In The Hague, a torn Koran during far-right demonstrations
International

In The Hague, a torn Koran during far-right demonstrations

A copy of the Koran was trampled and torn on Friday, August 18, in The Hague (Netherlands), during a demonstration in front of the Turkish embassy, ​​at the initiative of Edwin Wagensveld, head of the Dutch branch of the far-right Pegida movement. Dozens of counter-protesters reacted on the spot, which brought in the police to avoid any confrontation. Dutch authorities have previously condemned Wagensveld’s actions, but said they had no legal means to ban him, reports AFP.

Accompanied by two people, Edwin Wagensveld led the rally, wearing a T-shirt that read “Islam is no better than Nazism.” As reported by AFP, the police blocked access to the street leading to the Turkish embassy for about fifty counter-protesters, who fell on the other side of the canal next to the diplomatic mission.

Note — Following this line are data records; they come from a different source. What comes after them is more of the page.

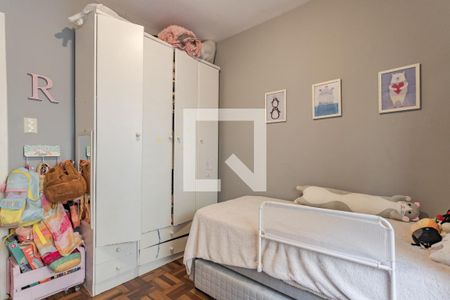 Quarto 2 de apartamento à venda com 2 quartos, 61m² em Bom Jesus, Porto Alegre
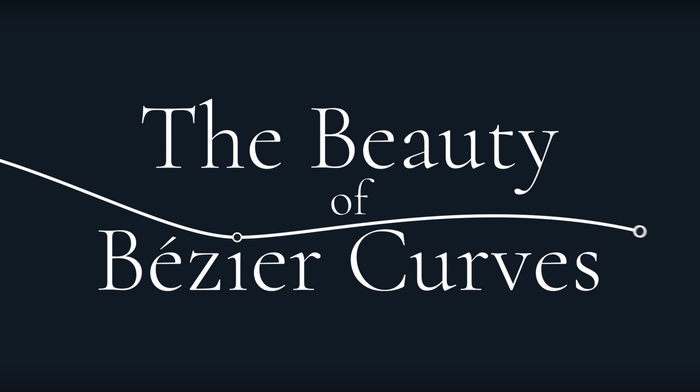 The Beauty of Bézier Curves video 1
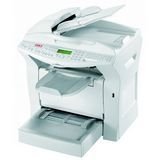 Review OKI  / OKI B4525 A4 Mono Multifunction Printer (Print, Scan, Copy, Fax)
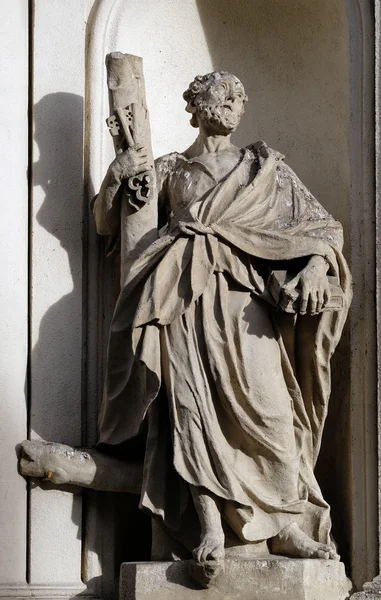 Αγίου Πέτρου Αποστόλου — Φωτογραφία Αρχείου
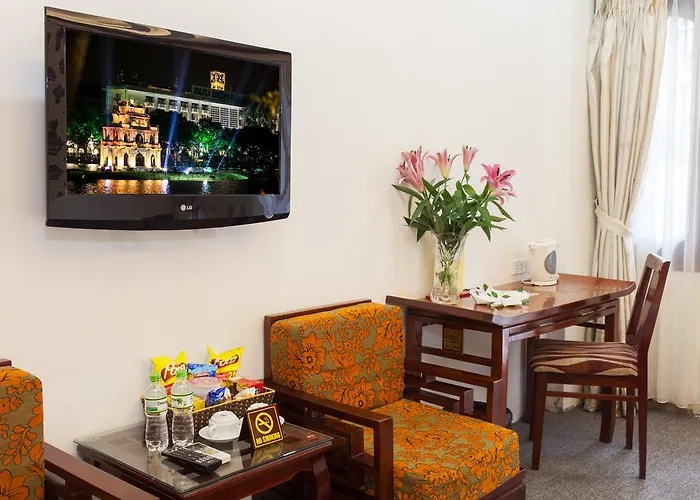 Asia Palace Hotel Hanoi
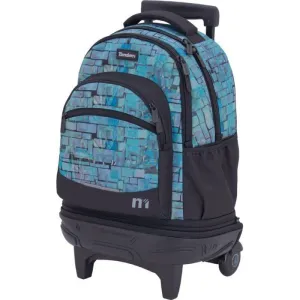 Mochila con Carro Desmontable Tandem Trolley Brick 357012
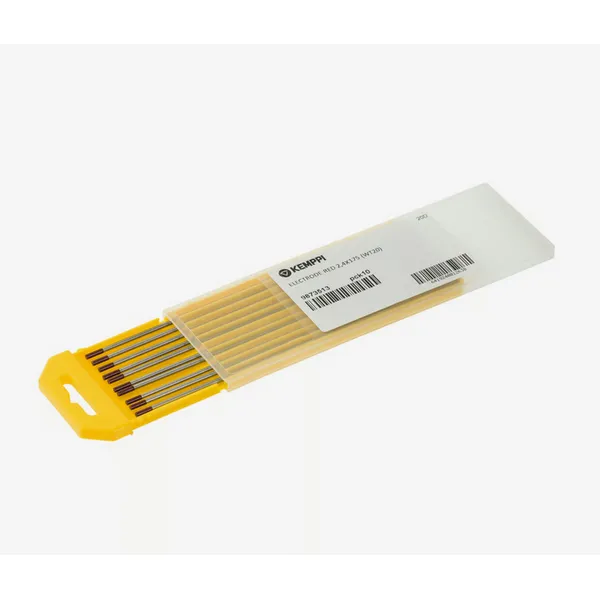Wolframelektrode, grå, 2.4mm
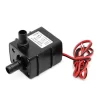 AD20P-1230C Ultra-Quiet DC 12V 3M 240L/H Brushless Submersible Water Pump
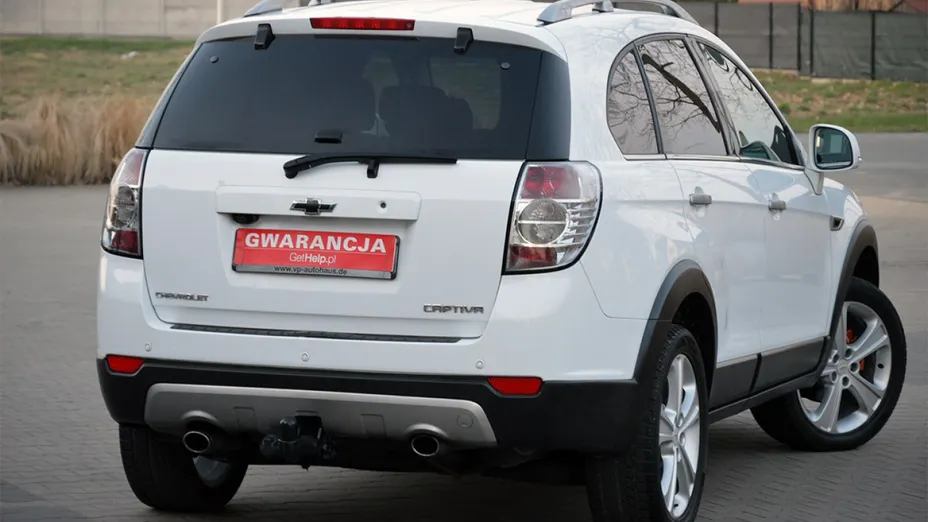 CHEVROLET Captiva -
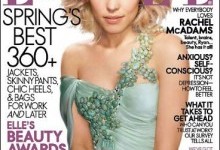 Today Only: Elle Magazine – $4.49 per year!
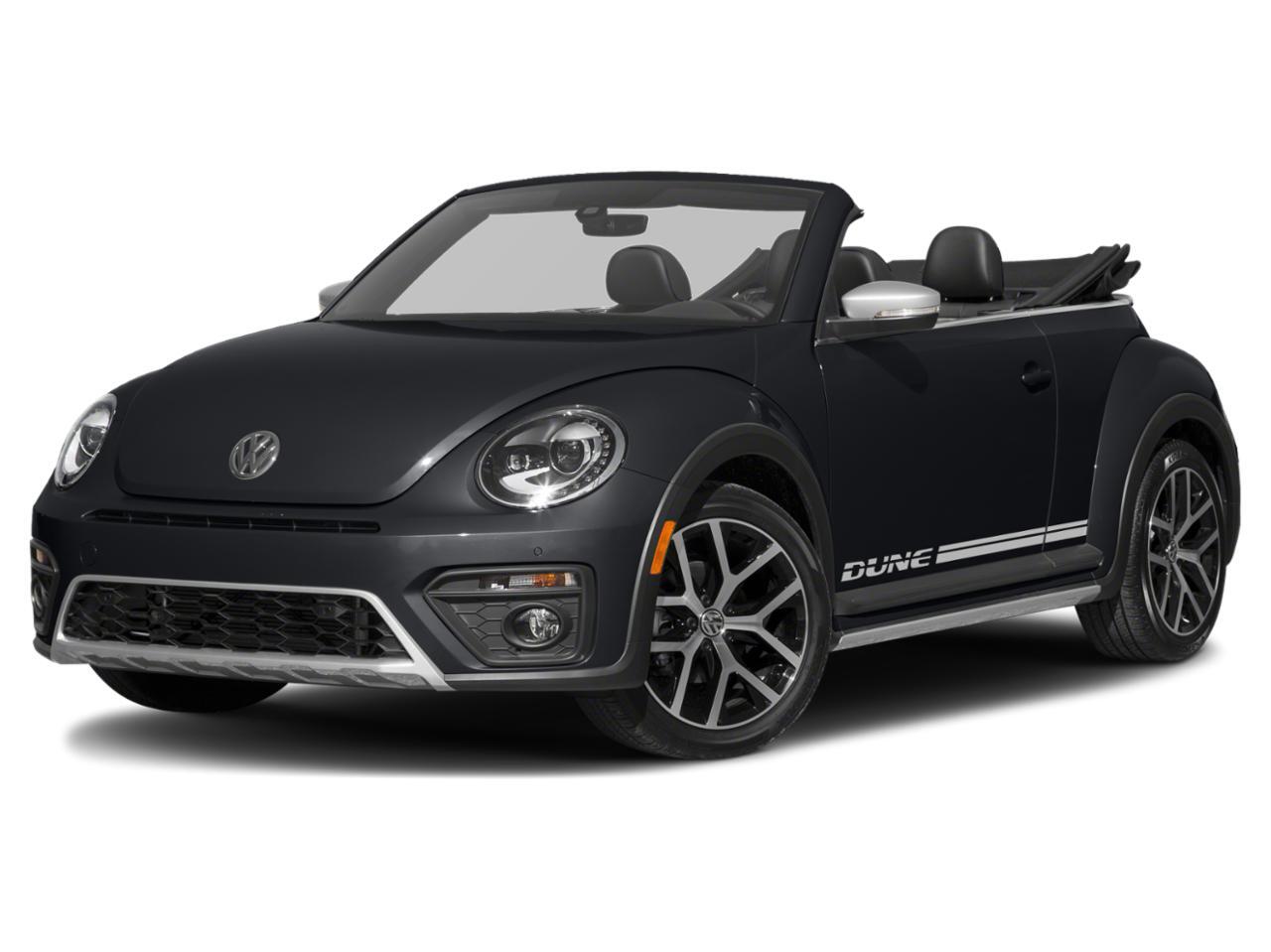 2019 Volkswagen Beetle Convertible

As quoted by Dutch news agency ANP, Justice Minister Dilan Yesilgöz called Wagensveld’s gesture “rather primitive and pathetic.” “That is allowed here, you have that freedom,” she added, warning of a possible attack in retaliation, as “a threat that must be taken into account.”

When Wagensveld tore the pages of the Koran, some of the counter-protesters threw stones in his direction. Leaving Wagensveld, the counter-demonstrators shouted “Allah akbar” and tried to catch up with him, before being stopped by about twenty police officers armed with batons and shields, adds AFP.

“The Hague City Council is responsible for a respectful and inclusive city and distances itself from behavior that does not contribute to this,” said The Hague Mayor Jan van Zanen in a statement sent to the agency.

Last July, two men burned a copy of the Koran in front of the parliament in Stockholm (Sweden). Similar actions were held this year in Denmark.